Exercise: In the entries below, find the line with "In this particular" and the line with "So what's our"; give again those lines and every line between them, exactly.

Extracted records Start Marker

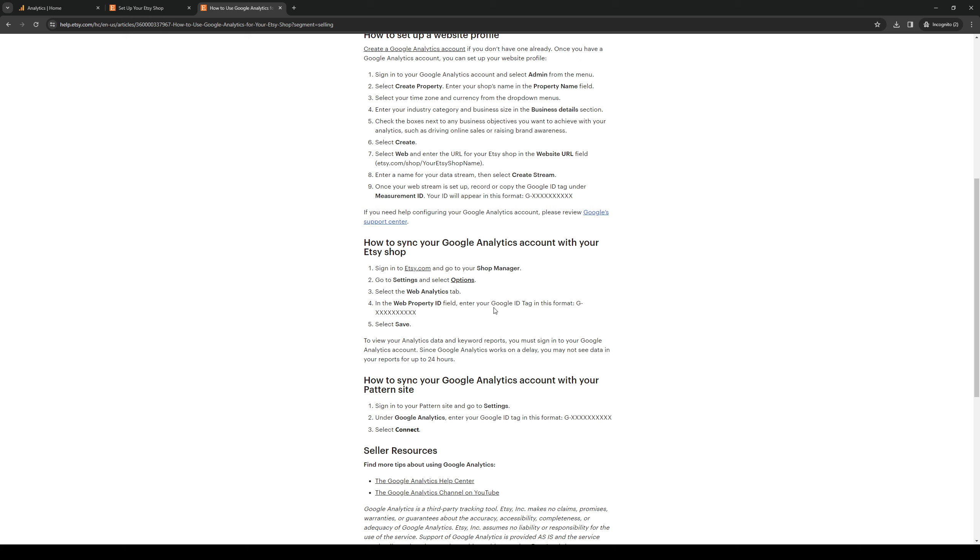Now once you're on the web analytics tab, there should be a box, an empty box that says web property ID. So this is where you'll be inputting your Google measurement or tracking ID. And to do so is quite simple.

Extracted records End Marker
Extracted records Start Marker

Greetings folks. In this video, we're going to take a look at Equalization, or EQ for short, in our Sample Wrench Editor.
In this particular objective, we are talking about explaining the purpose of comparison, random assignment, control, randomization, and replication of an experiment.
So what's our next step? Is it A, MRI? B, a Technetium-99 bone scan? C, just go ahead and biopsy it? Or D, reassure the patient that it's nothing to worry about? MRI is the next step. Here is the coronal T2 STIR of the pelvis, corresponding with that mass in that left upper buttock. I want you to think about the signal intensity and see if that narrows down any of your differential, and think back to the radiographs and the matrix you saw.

Extracted records End Marker

Expected output:
In this particular objective, we are talking about explaining the purpose of comparison, random assignment, control, randomization, and replication of an experiment.
So what's our next step? Is it A, MRI? B, a Technetium-99 bone scan? C, just go ahead and biopsy it? Or D, reassure the patient that it's nothing to worry about? MRI is the next step. Here is the coronal T2 STIR of the pelvis, corresponding with that mass in that left upper buttock. I want you to think about the signal intensity and see if that narrows down any of your differential, and think back to the radiographs and the matrix you saw.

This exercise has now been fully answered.